* **Problem to solve**: The copy should run from the line containing "#pasarmingguinfomalang @infomalang https://t.co/cpTx3tKNpc" through the last line of the entries below, exactly as written, with pictures omitted.

[Record extracts Boundary: Start]

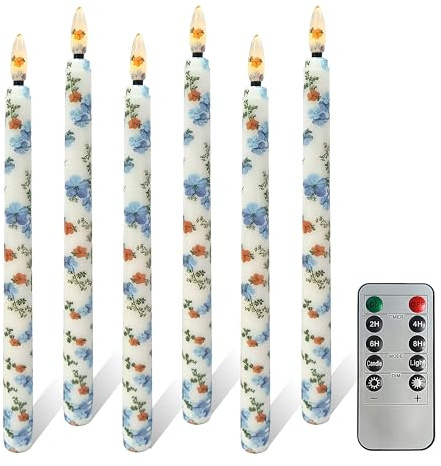 FCMSHAMD 6PCS Vintage Blue Floral Flameless Taper Candles, 11 Inch LED Candlesticks Battery Operated with 11-Key Remote and Timer, 3D Flickering Flame Lights for Wedding Party Home Decor Gifts
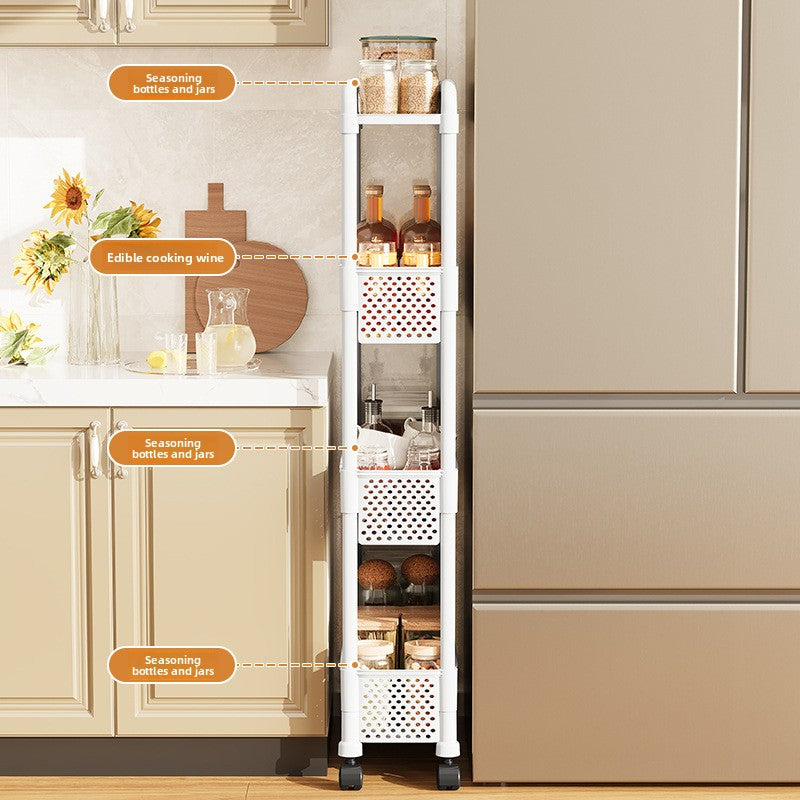 Movable Gap Storage Rack Narrow Household Floor Standing Cart For Kitchen Living Room 2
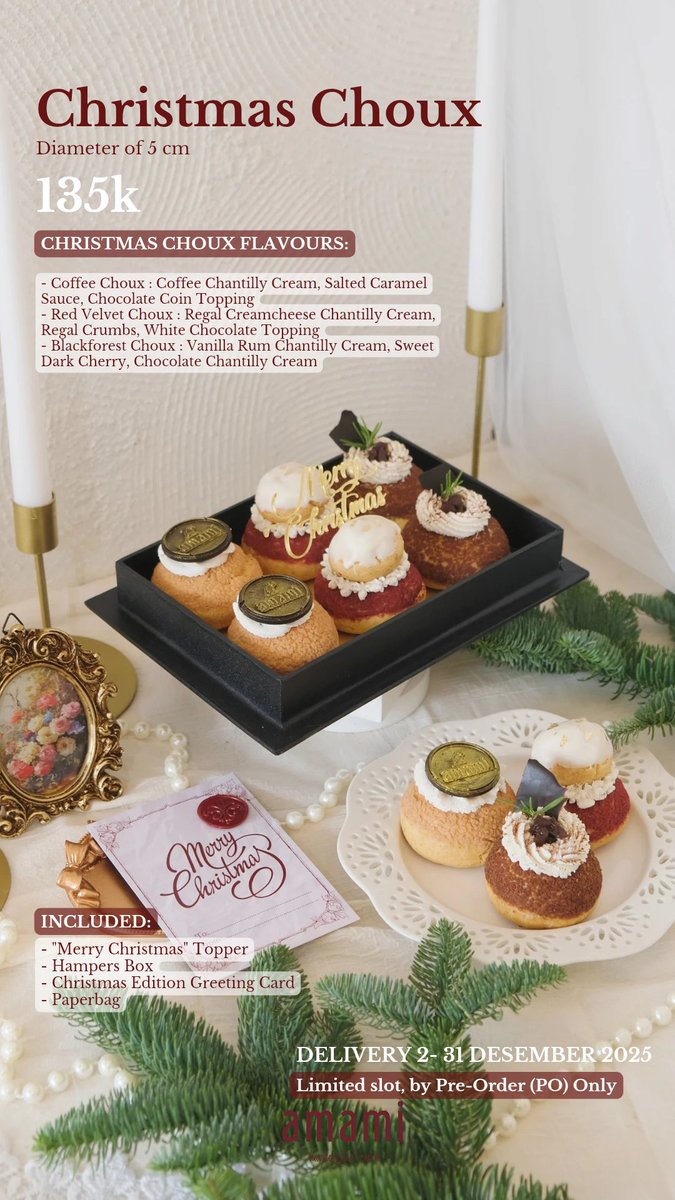 amamisweets_id's tweet photo. Open PO Hampers Natal 2025! 🎄🍫🍓
.
Ada red velvet/choco cake, christmas choux, dan assorted cookies ✨️
.
Order/more info > https://t.co/JSXdEJbrSW
.
📍Kalpataru 62 B (https://t.co/d2oFnwWmaq)
⏰Senin-Sabtu (10AM-5PM)
💰From 120k
.
#pasarmingguinfomalang @infomalang https://t.co/cpTx3tKNpc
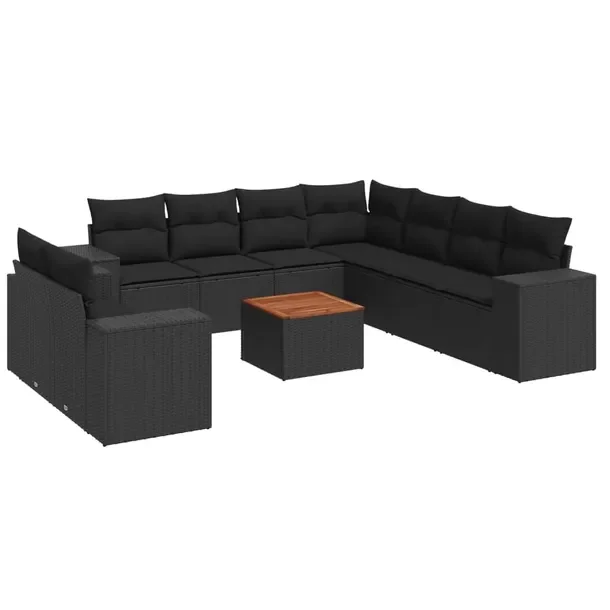 Zestaw mebli ogrodowych z rattanem PE, kolor czarny, wymiary: 62x62x69 cm,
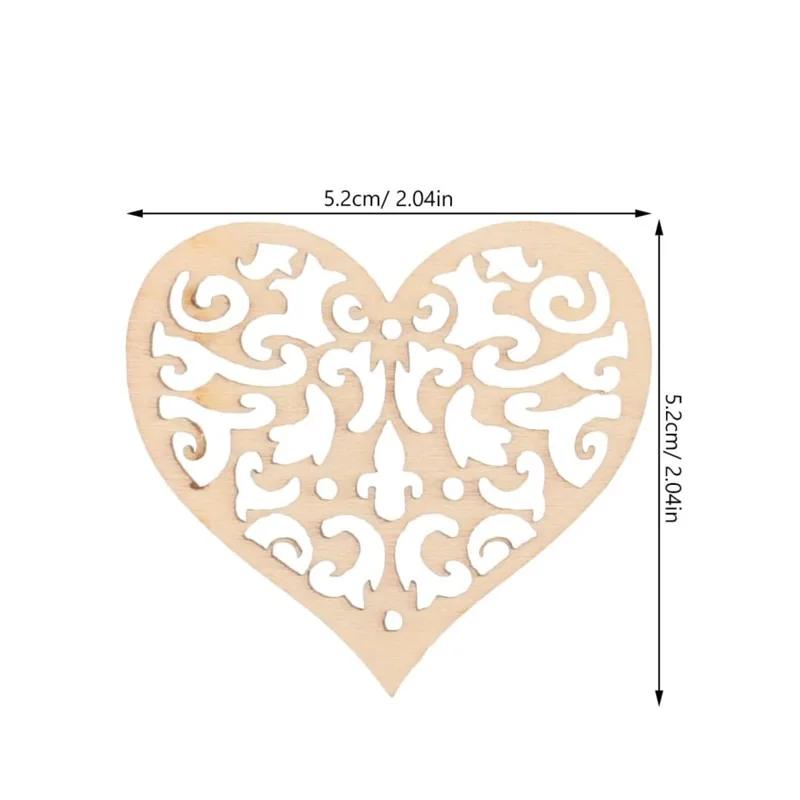 10/20/50/100pcs Wooden Slices Christmas Wood Pieces Wood Heart Embellishments Pendant Crafts Ornament DIY Crafts Accessories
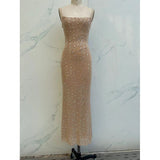 Plataz Feeling Nude Shiny Piece Hanging Dress High-End Light Luxury Niche Banquet Birthday Sexy Dress Dress Dress HZ0628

[Record extracts Boundary: End]

* **Answer to this exercise**:
#pasarmingguinfomalang @infomalang https://t.co/cpTx3tKNpc
 Zestaw mebli ogrodowych z rattanem PE, kolor czarny, wymiary: 62x62x69 cm,
 10/20/50/100pcs Wooden Slices Christmas Wood Pieces Wood Heart Embellishments Pendant Crafts Ornament DIY Crafts Accessories
 Plataz Feeling Nude Shiny Piece Hanging Dress High-End Light Luxury Niche Banquet Birthday Sexy Dress Dress Dress HZ0628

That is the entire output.